LOUISVILLE, Ky. (WDRB) -- One of the most haunted neighborhoods in the country comes alive this weekend. Old Louisville's Victorian Ghost Walk guarantees history and hair-raising fun for the whole family.

It's considered one of the nation's most premiere historic neighborhoods. With a lengthy past, comes stories, not all as lavish as the dwellings they reside in.

"Down here in Old Louisville, people are proud of their haunted houses. A lot of people, they like to brag about their ghosts and tell people what's been going on in their house," says David Domine, author and organizer.

This weekend, caretakers invite visitors inside for the 11th annual Victorian Ghost Walk. "In recent years, it's really been taking off, people are coming from all over," Domine said.

The two-hour tour covers about ten blocks of history.

"Death was a common thing. So, when you have stone foundations and brick walls, and these 140-, 150-year old homes, they hold energy and that's what supernatural activity is," says homeowner Susan Shearer.

It wasn't until Shearer took bought her home and started restoring it, that she found out it was haunted.  

"Things started happening that I couldn't explain," Shearer said. "That energy is released and it comes out in many different forms.usually spirits. Sometimes they leave, sometimes they hang around."

In Shearer's case, it was the ghost of a little girl.

"For the first six months I lived here, there were three knocks at the door every night at six o'clock. No one was ever there. I've had voices at the back of my neck in the middle of the night, call my name," she said. "My grown son was working in the house one day by himself before I moved in and he saw her on the stairs. She looked right at him and then disappeared."

The ghost still walks alongside them today, 13 years later. "I kind of kept a list.
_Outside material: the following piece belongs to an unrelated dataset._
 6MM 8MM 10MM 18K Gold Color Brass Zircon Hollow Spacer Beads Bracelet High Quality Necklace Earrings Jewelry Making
Then, I met David Domine and he helped me do the research."

Domine is the author of 12 books, which mostly focus on Old Louisville haunts like Shearer's place. Another stop on the tour is the witches' tree from 1889. As legend goes, witches sent a curse after the city knocked it down so it could use it for its May Day celebration. The next year, a tornado destroyed the city, sent sparks and magically ignited a new tree. 

"With these burls, the twisted trunk, the craggy bark, the dead branches and limbs overhead. They said, 'this is much more fitting for witches' and ever since then, the Louisville witches came back in full force," Domine said.
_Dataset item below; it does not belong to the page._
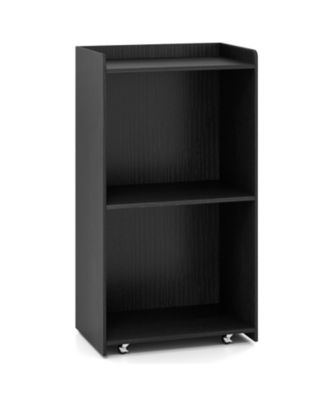 Rolling Podium Stand with 2 Shelves and Lockable Wheels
Now, visitors from all over stop by, leaving trinkets for good luck.

Domine and the West Saint Catherine Street Neighborhood Association first started the tour to promote the neighborhood. "It's a way to reconnect with your past, learn more about your history, your neighborhood, your town."

It's described as a theatrical experience beyond the grave, promising the city's most famous legends and ghost stories.
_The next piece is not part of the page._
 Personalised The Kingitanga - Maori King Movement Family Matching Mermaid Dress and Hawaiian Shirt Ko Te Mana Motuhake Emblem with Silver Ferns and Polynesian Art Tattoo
"We're comfortable with them [ghosts]. I'd miss them if they left," Shearer said.

The tour also hopes visitors will have an appreciation for this dignified neighborhood where the living and the dead, coexist.

"We love to see the look on people's faces when they come in and their mouths just drop and that's thanks enough. It gives us so much pleasure."

The walks are Saturday, October 21 and Sunday, October 22. Tours leave every half hour starting at 6 p.m. from Smokey's Bean, located at 1212 South Fourth Street. Space is limited.